The cluster provides an easy-to-use framework for database applications. For example, a database service serves highly-available data to a database application. The application running on a cluster system provides network access to database client systems, such as Web servers. If the service fails over to another cluster system, the application can still access the shared database data. A network-accessible database service is usually assigned an IP address, which is failed over along with the service to maintain transparent access for clients.
The cluster service framework can be easily extended to other applications, as well.
Data integrity assurance
To ensure data integrity, only one cluster system can run a service and access service data at one time. Using power switches in the cluster configuration enable each cluster system to power-cycle the other cluster system before restarting its services during the failover process. This prevents the two systems from simultaneously accessing the same data and corrupting it. Although not required, it is recommended that power switches are used to guarantee data integrity under all failure conditions. Watchdog timers are an optional variety of power control to ensure correct operation of service failover.
Cluster administration user interface
A user interface simplifies cluster administration and enables an administrator to easily create, start, stop, relocate services, and monitor the cluster.
Multiple cluster communication methods
To monitor the health of the other cluster system, each cluster system monitors the health of the remote power switch, if any, and issues heartbeat pings over network and serial channels to monitor the health of the other cluster system. In addition, each cluster system periodically writes a timestamp and cluster state information to two quorum partitions located on shared disk storage.

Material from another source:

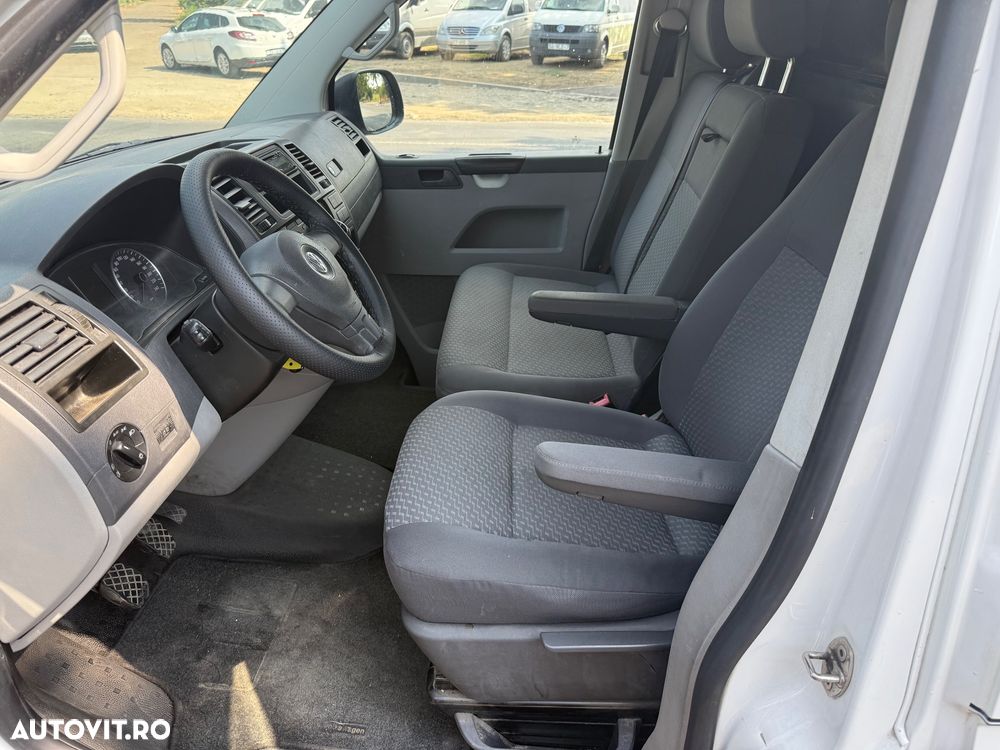 Volkswagen Transporter - 6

System state information includes whether the system is an active cluster member. Service state information includes whether the service is running and which cluster system is running the service. Each cluster system checks to ensure that the other system's status is up to date.
To ensure correct cluster operation, if a system is unable to write to both quorum partitions at startup time, it will not be allowed to join the cluster. In addition, if a cluster system is not updating its timestamp, and if heartbeats to the system fail, the cluster system will be removed from the cluster.

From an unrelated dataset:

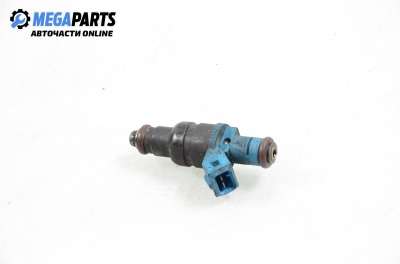 Gasoline fuel injector for Volkswagen Passat (B5; B5.5) 1.6, 101 hp, sedan, 1997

Figure 1-2 shows how systems communicate in a cluster configuration. Note that the terminal server used to access system consoles via serial ports is not a required cluster component.

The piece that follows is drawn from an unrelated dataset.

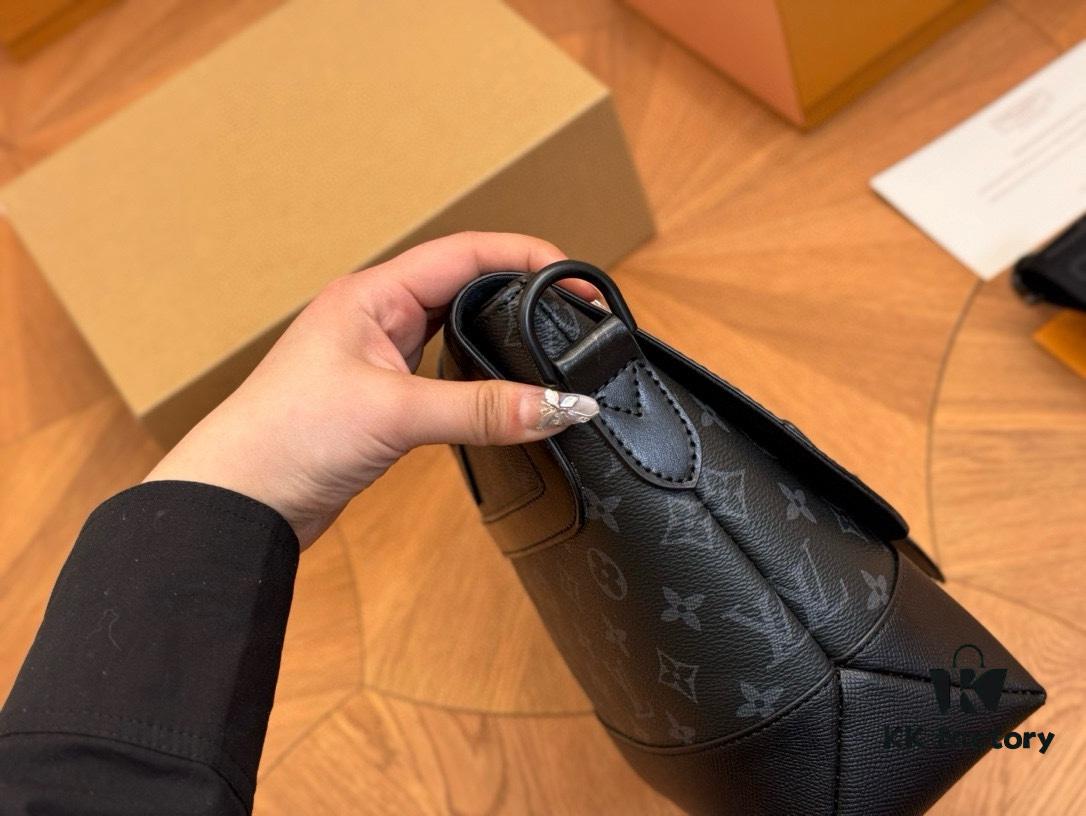 692f13df4ecd253cf10791ca LV Men's Messenger Bag VOYAGER Foldable Box Plane Box Size: 25*22cm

Service failover capability
If a hardware or software failure occurs, the cluster will take the appropriate action to maintain application availability and data integrity. For example, if a cluster system completely fails, the other cluster system will restart its services. Services already running on this system are not disrupted.
When the failed system reboots and is able to write to the quorum partitions, it can rejoin the cluster and run services. Depending on how the services are configured, the cluster can re-balance the services across the two cluster systems.
Manual service relocation capability
In addition to automatic service failover, a cluster enables administrators to cleanly stop services on one cluster system and restart them on the other system. This allows administrators to perform planned maintenance on a cluster system, while providing application and data availability.
Event logging facility
To ensure that problems are detected and resolved before they affect service availability, the cluster daemons log messages by using the conventional Linux syslog subsystem. Administrators can customize the severity level of the logged messages.
Application Monitoring
The cluster services infrastructure can optionally monitor the state and health of an application. In this manner, should an application-specific failure occur, the cluster will automatically restart the application. In response to the application failure, the application will attempt to be restarted on the member it was initially running on; failing that, it will restart on the other cluster member.
Status Monitoring Agent
A cluster status monitoring agent is used to gather vital cluster and application state information. This information is then accessible both locally on the cluster member as well as remotely. A graphical user interface can then display status information from multiple clusters in a manner which does not degrade system performance.